I often get asked in one way or another. Why did you decide to live in a van?
Truth is, it was kind of an accident.
I grew up travelling Australia quite a bit as a kid, I always knew I wanted to live a nomadic life, I had no idea of the steps to take, and I wasn’t sure if it was even possible.
A few years ago I went on a trip to Western Australia for about a month, I met and saw so many versions of people living on the road. I was so intrigued by those travelling in a van, with an abundance of freedom, taking each day as it came living with everything they needed attached to them. The concept planted a seed in my mind and to what I later discovered began the early stages of my journey into vanlife.
I got back home to Victoria from that trip, back to working crazy hours across 4 jobs and hustling on my jewellery label as a 21-year-old single girl with not a minute of freedom or remaining energy for growth. Within a week of getting home, my car was written off, the autoimmune disease within was fiercely inflamed and my world as I knew it seemed to be crashing down.
Everything begun when a guy didn’t stop at the traffic lights and quite literally shoved me forward into another car causing my car to be irreparable. This was the push I needed to begin my journey into vanlife. Without that accident I might never have had the courage to buy a van & change my lifestyle. I’m thankful to that strangers poor driving skills for giving me the push I needed, even though it was more of a shove.
That accident was how I accidentally came to be living in a van.
I dove deep into my savings, named my new van Stan, learnt to park it, how to not hit every second curb (sort of), worked with purpose & drew up loads of designs. With the help of my dad and ‘Built for Advanture’ (a van build company{ADD HYPERLINK}) I created a van that fulfilled the dream I had when I first discovered the nomadic life as a kid.
The next thing I built was almost more difficult, a mountain of courage. I planned for a 2 month trip up the east coast of Australia in ‘Stan’ my van. I was almost ready to leave, when the 2020 lockdowns begun. I moved out of my share house, back to my parents and contemplated whether this 2 month dream trip in my van was even possible. The world was being shaken up and no one had a clue what was around the corner.
Despite the ever present anxiety, somewhere in between the border closures, restrictions & lockdown chaos I headed north in my van assuring my parents (and myself) that I’d only be gone for a month.

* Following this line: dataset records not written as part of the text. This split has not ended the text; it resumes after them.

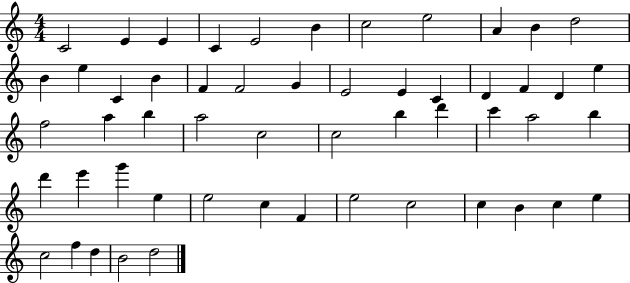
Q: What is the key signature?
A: C major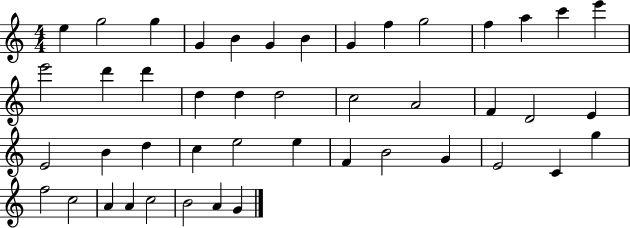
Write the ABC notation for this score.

X:1
T:Untitled
M:4/4
L:1/4
K:C
e g2 g G B G B G f g2 f a c' e' e'2 d' d' d d d2 c2 A2 F D2 E E2 B d c e2 e F B2 G E2 C g f2 c2 A A c2 B2 A G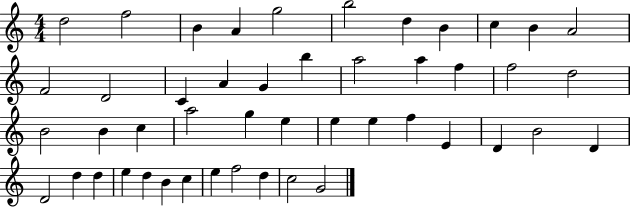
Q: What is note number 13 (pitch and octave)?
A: D4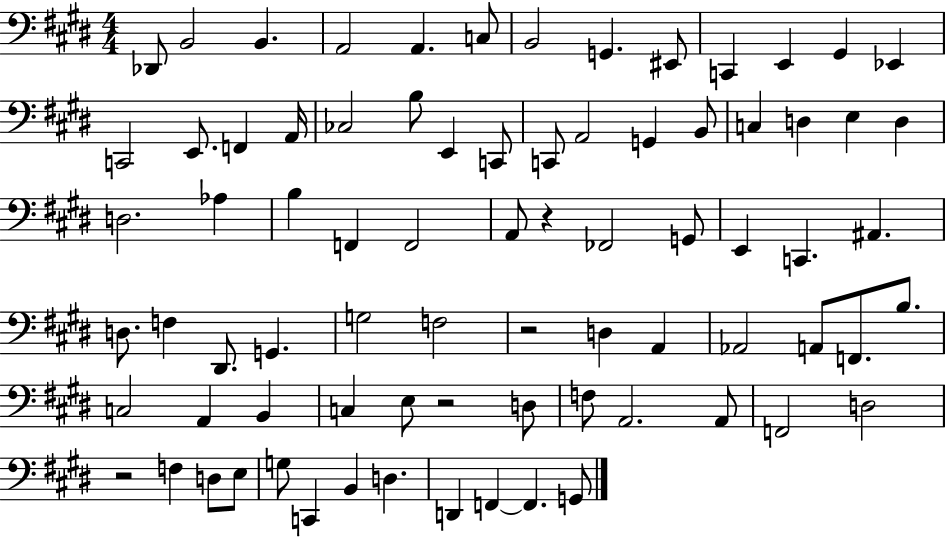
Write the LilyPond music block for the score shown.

{
  \clef bass
  \numericTimeSignature
  \time 4/4
  \key e \major
  des,8 b,2 b,4. | a,2 a,4. c8 | b,2 g,4. eis,8 | c,4 e,4 gis,4 ees,4 | \break c,2 e,8. f,4 a,16 | ces2 b8 e,4 c,8 | c,8 a,2 g,4 b,8 | c4 d4 e4 d4 | \break d2. aes4 | b4 f,4 f,2 | a,8 r4 fes,2 g,8 | e,4 c,4. ais,4. | \break d8. f4 dis,8. g,4. | g2 f2 | r2 d4 a,4 | aes,2 a,8 f,8. b8. | \break c2 a,4 b,4 | c4 e8 r2 d8 | f8 a,2. a,8 | f,2 d2 | \break r2 f4 d8 e8 | g8 c,4 b,4 d4. | d,4 f,4~~ f,4. g,8 | \bar "|."
}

Once my fresh tyres left the driveway the tears started flowing and the brave courageous face I’d put on in front of my family soon turned. I was a bundle of fear travelling away at 100 kilometers an hour. I drove eight hours north with fear and doubt constantly swirling through my mind on that first day off to new and unknown things. But I had a point to prove (mainly to myself) – that I can do hard things alone.
I didn’t return to Victoria for almost a year, life on the road just kept getting better and the reasons to go home kept getting smaller.
As you’ll soon find out, 2020 turned out the be one of the most magical, adventurous and life changing beginnings to my journey. Filled to the brim with memories & mates forever in my heart.
Turns out the accident was the spark I needed to begin my journey into vanlife and the courage to put fear in the back seat.